## HOW TO COMPLETE THIS TASK
As the answer, set down the lines below from the one containing "Striped Boatneck Top in Bamboo Stripe" through the one containing "Emma Fashion Loose", exactly and inclusively, and no others.

## STUDY MATERIAL
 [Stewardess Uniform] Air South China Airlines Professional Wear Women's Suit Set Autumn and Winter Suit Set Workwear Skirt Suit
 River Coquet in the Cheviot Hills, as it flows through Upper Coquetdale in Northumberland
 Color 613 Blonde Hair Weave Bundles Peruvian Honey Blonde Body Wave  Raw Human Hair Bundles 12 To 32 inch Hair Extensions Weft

...

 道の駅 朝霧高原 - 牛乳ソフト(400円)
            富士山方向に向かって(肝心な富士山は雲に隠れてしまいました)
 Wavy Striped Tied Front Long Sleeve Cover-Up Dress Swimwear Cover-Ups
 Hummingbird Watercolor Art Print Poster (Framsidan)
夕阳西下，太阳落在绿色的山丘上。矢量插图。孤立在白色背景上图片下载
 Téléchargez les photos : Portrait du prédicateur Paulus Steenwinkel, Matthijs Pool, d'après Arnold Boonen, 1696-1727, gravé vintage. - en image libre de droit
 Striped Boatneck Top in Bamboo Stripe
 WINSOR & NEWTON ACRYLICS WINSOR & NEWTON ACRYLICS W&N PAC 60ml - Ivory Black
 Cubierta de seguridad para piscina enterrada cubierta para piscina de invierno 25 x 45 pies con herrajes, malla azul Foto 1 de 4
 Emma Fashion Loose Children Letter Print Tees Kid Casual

## TASK RESULT
 Striped Boatneck Top in Bamboo Stripe
 WINSOR & NEWTON ACRYLICS WINSOR & NEWTON ACRYLICS W&N PAC 60ml - Ivory Black
 Cubierta de seguridad para piscina enterrada cubierta para piscina de invierno 25 x 45 pies con herrajes, malla azul Foto 1 de 4
 Emma Fashion Loose Children Letter Print Tees Kid Casual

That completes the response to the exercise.